04 March, 2010
Riding the Multiculture
As the train approached Cutty Sark, an announcement could be heard above the rushing din of the tunnel. At first I thought it was in Tamil or some similar South Indian language. By paying close attention, however, I was able to identify the occasional phrase in what appeared to be a poor approximation to English. These constituted between 10 and 20 percent of the announcement. In the event I was able to work out what the guy was on about, but only because of external knowledge — because in effect I didn't actually need to hear the announcement.
Let me explain. To run 3-car trains the DLR, as you might expect, has had to extend most of its platforms. In some cases, fitting in the extra car-length has proved challenging due to conflicts with nearby existing structures. In the case of Cutty Sark, they gave up. Cutty Sark station is underground and its platforms lead directly into bored tunnel at either end. To enlarge these tunnels would have been very expensive and would, so they claim, have risked undermining adjacent "historic" buildings — I assume they refer to St Alfege's. Instead, the DLR has adopted a confusing workaround known in the trade as SDO. Under this arrangement, the 3-car train stops at the existing 2-car platform with the leading half of the first car and the trailing half of the third car overhanging the ends of the platform.
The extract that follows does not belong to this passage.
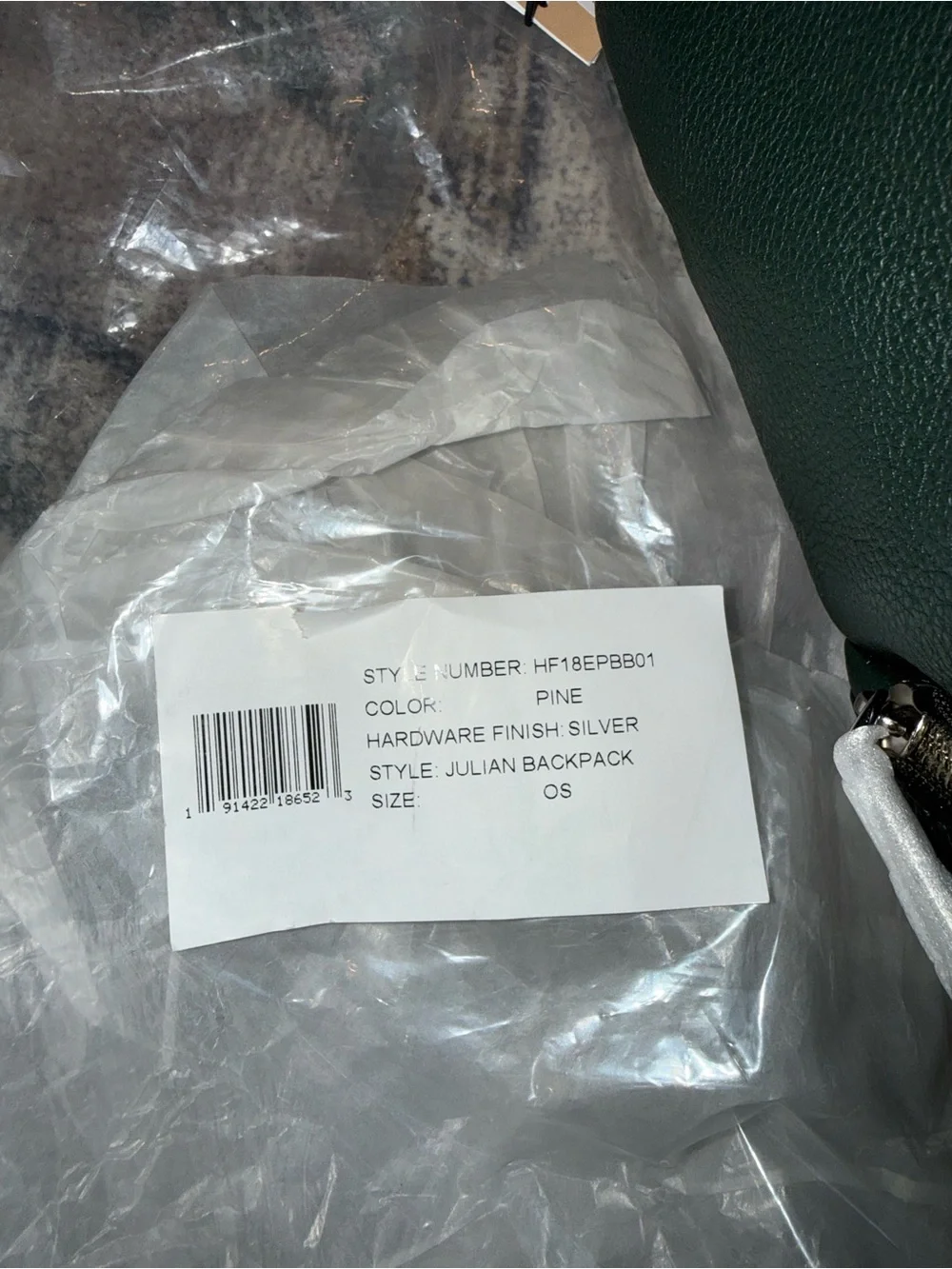 NWT Rebecca Minkoff Julian full size Backpack in Pine green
The foremost and hindmost passenger doors remain locked during the stop.
As it happens, I have been following the progress of the 3-car upgrade out of curiosity, so I am up to speed on all this, but many passengers, particularly tourists and others unfamiliar with the DLR, need to have the arrangement pointed out to them. I wonder how many cases of involuntary overriding there will be in the next few weeks as confused, trapped and fuming passengers find themselves having to get off at Greenwich or Island Gardens and make their way back.
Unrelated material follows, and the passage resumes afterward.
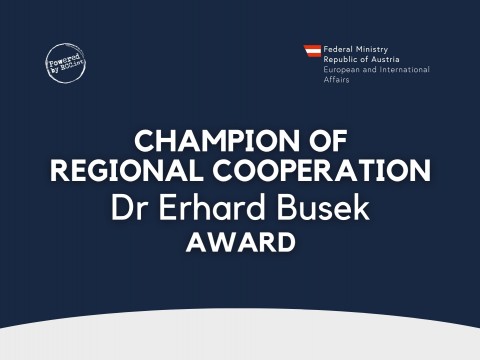 Regional Cooperation Dr Erhard Busek Award 2025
I suspect most people will have no difficulty in understanding how all this works once they've been notified of it. At least I assume so; I have a visually-oriented mind so I tend to visualize it as a aerial view of a long train attempting to stand at a short platform. But putting it into non-technical words in a ten-second announcement is another matter. Getting the information across concisely and effectively as the train approaches the station in the noisy environment of a tunnel requires a well-crafted script delivered in clear English.
This manifestly did not happen on this occasion. I have made this point before and will doubtless do so again. The duties of a PSA (DLR-speak for train conductor) include communicating with passengers, both one on one and via announcements. This man's English was so poor that he could not do this, potentially to the significant inconvenience of his passengers. He was not qualified to work as a PSA and should not have been so employed.